Over the past year, convention-goers have become more vocal about the kinds of harassment that exist on the show floors. There was Mandy, the Black Cat cosplayer who spoke up when she was pulled aside for a video interview only to be grilled about her cup size. There were the women at Defcon armed with cards to remind men when their behavior is becoming inappropriate. There was the cosplayer who wrote an open letter to the "butt photographer" at Comikaze. Nerd Reactor writer Genevieve LeBlanc recounted her personal experiences with convention harassment. Comedian Andre Medows went off on "creeper" photographers after one approached his friend. There's even a group, Con Anti-Harassment Project, that's urging conventions to take a strong stance against harassment. Most recently, a group of Australian cosplayers put together the video "How to Avoid Being Branded a Convention Creeper."
Conventiongoers are speaking out and the people who put together these events have noticed. "Education, printing [the harassment policy] in the program book, is absolutely imperative," says Chaz Boston Baden, chairman of Anime Los Angeles. "Reinforcing it at the staff meetings is part of that. If you see something going on, tell them to knock it off. Tell ops to boot them."
"We have to, as a little microsociety, and as a society in general, know that we need to take care of us," Baden explains. "If someone's being beastly and his friend calls him on it, or her friend as the case may be, that's going to help correct their behavior. It's certainly not the victim's responsibility to correct the perpetrator. It's the perpetrator's responsibility to not be a cad, not to take liberties with your person and not to get in your face and not to try to get up-skirt photos."
ALA isn't the only local anime convention to have an explicit policy about harassment. Per its website, Anime Expo prohibits "physically or verbally threatening, annoying, harassing, stalking, pushing, shoving or use of physical force, or offending any person; which in any way creates a disturbance that is disruptive or dangerous," as well as "any boisterous, lewd or offensive behavior or language, using sexually explicit or offensive language or conduct, or profanity, obscene gestures or racial, religious or ethnic slurs."

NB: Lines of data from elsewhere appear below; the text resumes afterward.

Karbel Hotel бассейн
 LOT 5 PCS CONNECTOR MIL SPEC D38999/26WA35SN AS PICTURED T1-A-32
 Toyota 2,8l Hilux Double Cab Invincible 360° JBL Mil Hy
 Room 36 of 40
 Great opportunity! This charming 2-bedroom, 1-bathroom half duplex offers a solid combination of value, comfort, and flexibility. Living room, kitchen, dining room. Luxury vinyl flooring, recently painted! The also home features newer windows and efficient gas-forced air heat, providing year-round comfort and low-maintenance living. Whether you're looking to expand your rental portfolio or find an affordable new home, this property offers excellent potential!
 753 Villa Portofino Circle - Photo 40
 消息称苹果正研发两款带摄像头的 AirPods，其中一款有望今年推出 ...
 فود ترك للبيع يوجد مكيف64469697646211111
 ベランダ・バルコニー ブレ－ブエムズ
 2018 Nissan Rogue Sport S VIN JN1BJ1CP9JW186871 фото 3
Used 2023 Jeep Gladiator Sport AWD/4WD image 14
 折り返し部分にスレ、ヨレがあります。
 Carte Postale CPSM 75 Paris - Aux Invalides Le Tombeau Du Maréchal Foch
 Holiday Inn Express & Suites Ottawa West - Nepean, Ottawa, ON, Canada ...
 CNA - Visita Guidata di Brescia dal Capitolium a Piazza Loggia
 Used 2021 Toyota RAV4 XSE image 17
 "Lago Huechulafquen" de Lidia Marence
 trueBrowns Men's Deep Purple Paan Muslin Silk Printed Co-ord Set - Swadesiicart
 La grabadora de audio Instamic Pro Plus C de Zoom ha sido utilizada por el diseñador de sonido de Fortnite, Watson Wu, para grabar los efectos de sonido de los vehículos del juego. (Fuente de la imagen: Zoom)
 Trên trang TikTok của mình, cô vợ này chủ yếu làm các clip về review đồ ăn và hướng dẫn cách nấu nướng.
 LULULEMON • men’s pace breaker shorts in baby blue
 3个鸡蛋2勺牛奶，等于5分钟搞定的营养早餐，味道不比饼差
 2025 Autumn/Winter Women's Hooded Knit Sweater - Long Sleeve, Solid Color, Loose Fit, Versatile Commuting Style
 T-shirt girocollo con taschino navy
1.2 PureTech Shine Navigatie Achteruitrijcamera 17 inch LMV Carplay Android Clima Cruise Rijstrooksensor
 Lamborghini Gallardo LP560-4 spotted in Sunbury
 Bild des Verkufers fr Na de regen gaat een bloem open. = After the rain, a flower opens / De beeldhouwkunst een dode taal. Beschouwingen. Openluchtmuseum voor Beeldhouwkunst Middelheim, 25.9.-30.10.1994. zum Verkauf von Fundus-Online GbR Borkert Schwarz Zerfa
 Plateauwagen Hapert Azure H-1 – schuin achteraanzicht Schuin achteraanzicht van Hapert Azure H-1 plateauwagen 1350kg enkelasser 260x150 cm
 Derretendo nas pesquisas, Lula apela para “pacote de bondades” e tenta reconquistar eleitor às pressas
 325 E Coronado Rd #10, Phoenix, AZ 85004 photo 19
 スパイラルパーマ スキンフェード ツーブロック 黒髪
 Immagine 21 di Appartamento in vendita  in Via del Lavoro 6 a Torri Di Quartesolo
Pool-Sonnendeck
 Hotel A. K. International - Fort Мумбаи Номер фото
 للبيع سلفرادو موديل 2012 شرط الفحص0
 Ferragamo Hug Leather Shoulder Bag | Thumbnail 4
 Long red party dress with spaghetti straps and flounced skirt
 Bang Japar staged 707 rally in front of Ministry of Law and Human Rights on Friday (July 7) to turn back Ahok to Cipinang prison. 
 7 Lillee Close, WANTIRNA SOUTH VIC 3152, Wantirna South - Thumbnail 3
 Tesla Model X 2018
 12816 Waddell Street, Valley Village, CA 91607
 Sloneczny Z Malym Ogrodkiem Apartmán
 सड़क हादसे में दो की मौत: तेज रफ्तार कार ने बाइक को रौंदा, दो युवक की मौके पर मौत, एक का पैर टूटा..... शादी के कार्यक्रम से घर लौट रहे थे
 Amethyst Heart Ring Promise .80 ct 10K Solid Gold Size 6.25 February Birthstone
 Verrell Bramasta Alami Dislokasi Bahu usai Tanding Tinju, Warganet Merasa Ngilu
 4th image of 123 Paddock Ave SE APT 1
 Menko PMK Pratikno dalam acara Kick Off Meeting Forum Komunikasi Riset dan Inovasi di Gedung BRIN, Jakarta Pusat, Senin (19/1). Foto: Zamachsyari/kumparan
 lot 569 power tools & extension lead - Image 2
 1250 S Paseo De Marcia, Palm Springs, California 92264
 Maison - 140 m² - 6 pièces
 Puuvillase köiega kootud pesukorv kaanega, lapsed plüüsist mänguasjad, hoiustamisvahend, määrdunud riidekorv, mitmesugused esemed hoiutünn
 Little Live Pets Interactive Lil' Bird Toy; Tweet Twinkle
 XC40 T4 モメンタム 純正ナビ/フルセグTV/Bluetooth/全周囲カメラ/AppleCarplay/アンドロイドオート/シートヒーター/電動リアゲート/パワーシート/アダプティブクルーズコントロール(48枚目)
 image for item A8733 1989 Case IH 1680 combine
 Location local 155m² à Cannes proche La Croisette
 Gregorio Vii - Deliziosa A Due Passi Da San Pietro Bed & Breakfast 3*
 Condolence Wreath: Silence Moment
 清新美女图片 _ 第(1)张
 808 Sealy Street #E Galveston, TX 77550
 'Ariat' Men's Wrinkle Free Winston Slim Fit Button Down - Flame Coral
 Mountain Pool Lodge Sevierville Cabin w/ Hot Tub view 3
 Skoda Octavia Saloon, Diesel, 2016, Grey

Pacific Media Expo, the annual Asian pop culture convention that takes place in Los Angeles, makes a simple but effective statement about harassment on its website. "We encourage all attendees to be creative and have fun, but having fun does not require leaving one's maturity and social propriety at the door," it reads. "If you experience harassment from other attendees, you are welcome to report it to PMX Security." While these aren't necessarily new rules, it's important for the conventions to reiterate them now that harassment is a hot topic.
"The number of 'con creepers' may be growing, but cosplayers may now feel more open dishing about 'con creepers,'" PMX's industry liaison, Amanda Badillo, says via email. "Knowing that they aren't alone, they're more likely to open up to friends and groups on the Internet as to the kinds of 'creepers' they've dealt with, warn others about 'serial creepers' and giving advice as to how to deal with them."
Harassment is usually defined in terms of action or words. Now that virtually every cellphone is equipped with a camera, though, I have to wonder if photography can be construed as harassment. Specifically, I'm referring to ongoing complaints from cosplayers about people who try to sneak photos of their backsides.
"I feel that those kind of photos can also be seen as harassment," Badillo responds. "It can be extremely embarrassing. What if the photos were to end up on the Internet?"
She continues, "Simply put yourself in their shoes -- how awkward would you feel if you were to find comments directed toward a photo of your backside?"
Both Badillo and Baden reference a phrase that has been used frequently in the con scene, "Cosplay is not consent." Badillo also makes note of the related "Costumes are not consent" sign that was photographed at CONvergence last year and made the rounds on Tumblr. "Just because someone chooses to wear a costume doesn't allow other attendees to harass them in any way they'd like," Badillo says.
What's the best way to deal with harassment at a con? Report it. "Should an attendee feel harassed in any way, they should [find] any available staff member or visit the security team/convention operations to speak with someone about the situation," Badillo says. That advice should hold true at any convention.
"We have kicked out people," Baden says. "I will kick people out. There's no point in having a policy that has no teeth."